Saturday, December 25, 2010

Personal Information in Amazon MP3 Files

A few days ago I wrote about Amazon placing personally-identifiable information within MP3 files. Here is an example, from near the beginning of an MP3 downloaded recently.

<?xml version="1.0" encoding="UTF-8"?>
<uits:UITS xmlns:uits="http://www.udirector.net/schemas/2009/uits/1.1" 
           xmlns:xsi="http://www.w3.org/2001/XMLSchema-instance">
  <metadata>
    <nonce>Yvjd12Il</nonce>
    <Distributor>Amazon.com</Distributor>
    <Time>2010-10-24T04:41:17Z</Time>
    <ProductID 
       type="UPC" 
       completed="true">
      10731458698620
    </ProductID>
    <AssetID 
       type="ISRC">GBAAN0200016
    </AssetID>
    <TID version="1">
      plaIo2V1UdVjRvVYo2vBICme1kF4PYav
    </TID>
    <UID version="1"> MY USERID HERE </UID>
    <Media algorithm="SHA256">
      4fda5179408e867619d5321b804fd1d16cb1ffd4f3d3485b48c241f803444897
    </Media>
  </metadata>
  <signature 
     algorithm="DSA2048" 
     canonicalization="none" 
     keyID="9b3a698acfcfea37b486aba46bdfb50c92b8f7fe">MC4CFQCLUjy5GJIaXROMGuef/iTBI3ADngIVAI1ZVWo9+IA6FAVXQ5feBVbi3yH6
  </signature>
</uits:UITS>

I've done a little reformatting, replaced my user I.D. with a placeholder, and modified some hashes and keys, but you can easily get the basic idea. My advice is to be reluctant to share these files, or to strip the XML at the beginning.
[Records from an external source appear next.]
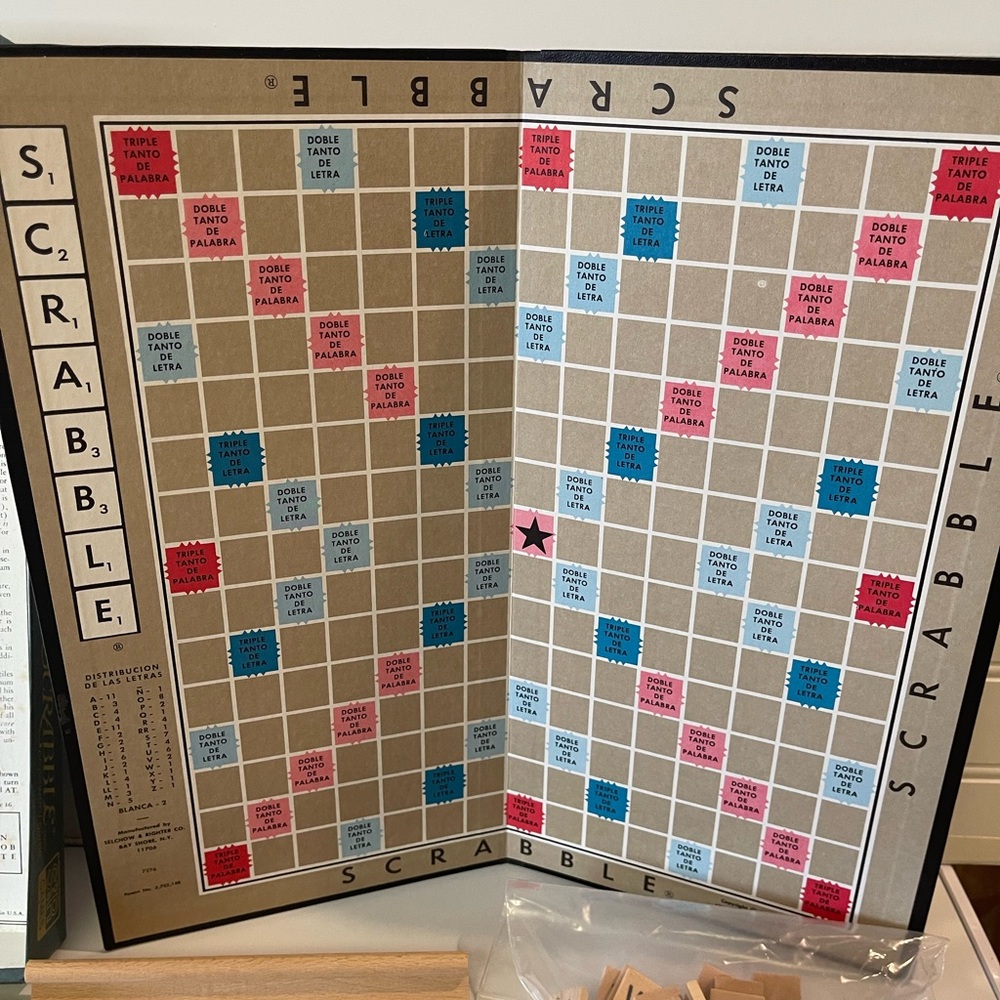 Selchow & Righter Co 1976 Spanish Edition Foreign Scrabble Board Game Vintage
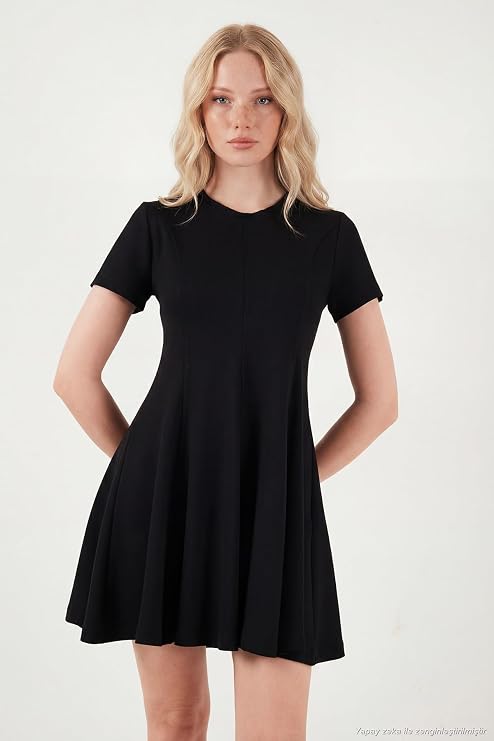 Lela Regular Fit Bisiklet Yaka Pileli Mini Elbise Bayan ELBİSE 5866342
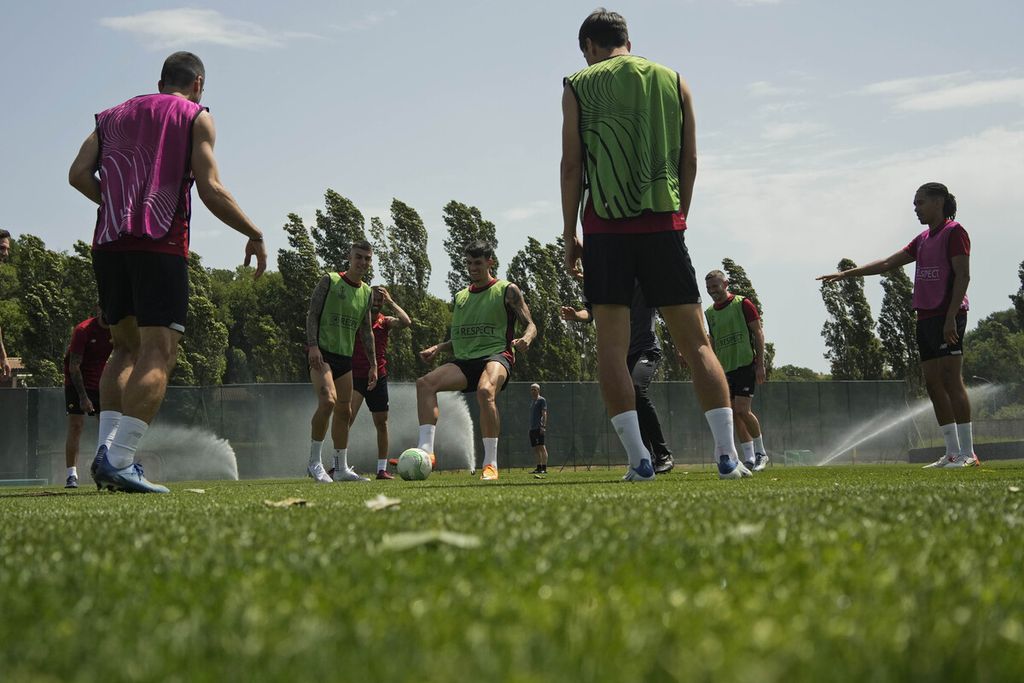 Pemain AS Roma, Roger Ibanez, mengontrol bola dalam sesi latihan bersama pemain AS Roma lainnya di fasilitas latihan Fulvio Bernardini, Roma, Italia, Selasa (24/5/2022). AS Roma dan Feyenoord akan berlaga di final Liga Konferensi Eropa di Stadion Air Albania, Tirana, Albania, Kamis (26/5/2022) dini hari WIB.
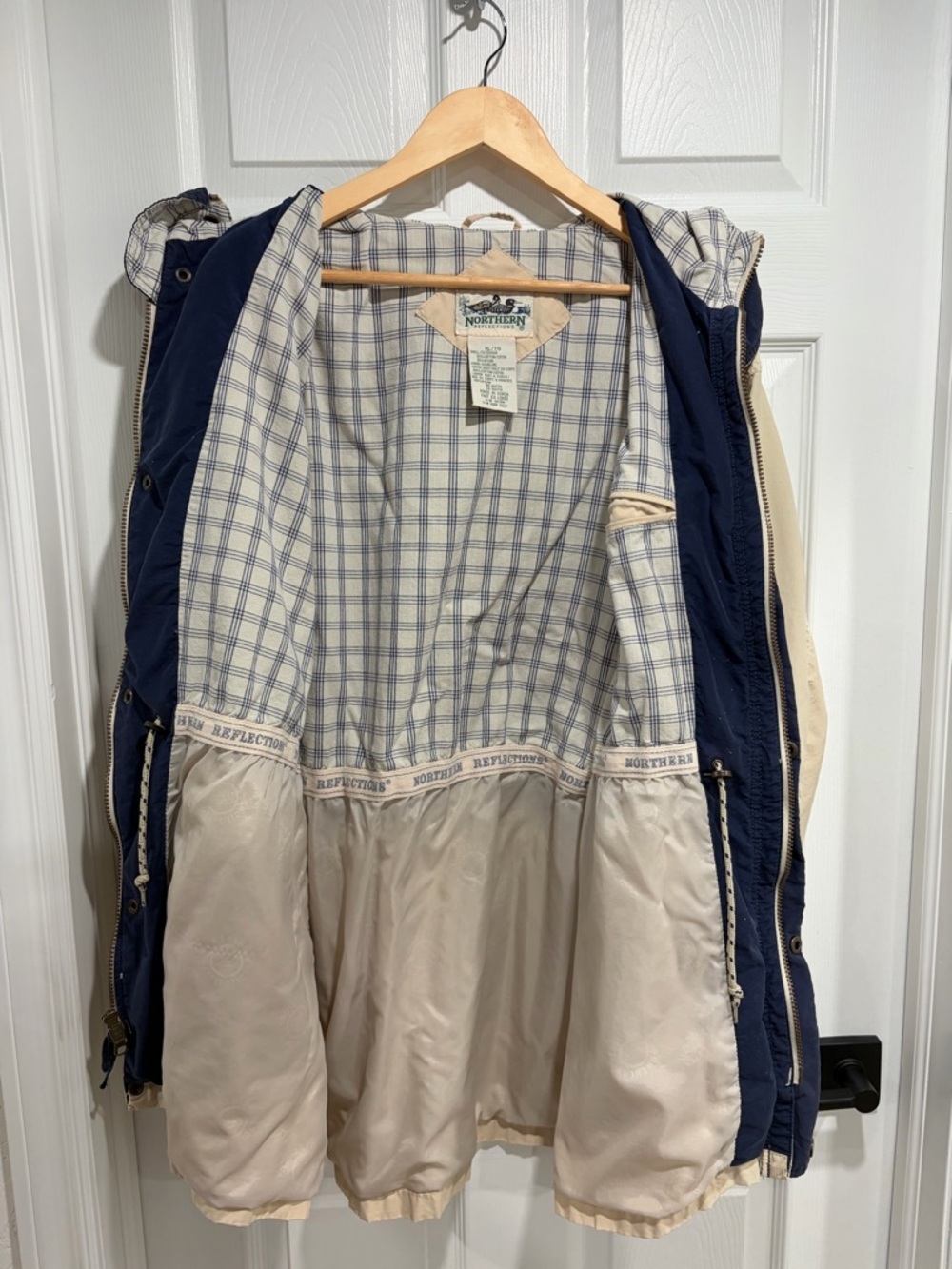Vintage Women’s Northern Reflections Light Beige Hooded Jacket Pockets - Picture 7 of 9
This is a fairly recent change for Amazon. This information is not present in a song I downloaded from Amazon in August.

3 comments:

rone said...

Funny thing is that i'm reluctant to share music even before all this DRM and tracking nonsense appeared. You know, respecting the license and whatnot.

Jeff Martens said...

I agree. However, the entertainment industry's response has been to inflate the damages outrageously while going after the little, using intimidation when it's clear their business model is no longer working as well as before.

Mark said...

The problem arises from someone getting one of your files without your knowledge. Say you take your laptop into a computer repair place and the technician copies all your mp3s (and porn) for personal use.

Then, he shares the files with your personal info in them. Then you are stuck with the legal defense for his actions.

Another scenario might involve a trojan that sends your files to someone that then shares them. The whole point of the trojan might just be malicious mischief.

I'm not sure you could make it stand up in court, but you could probably get many people to fork over money to settle out of court even though they had done nothing wrong. In fact, if you were the RIAA, what would you have to lose if you caused such programs to be created so that you could profit? A trojan like that might actually cost chump change in comparison to what you could net with thousands of people that settle.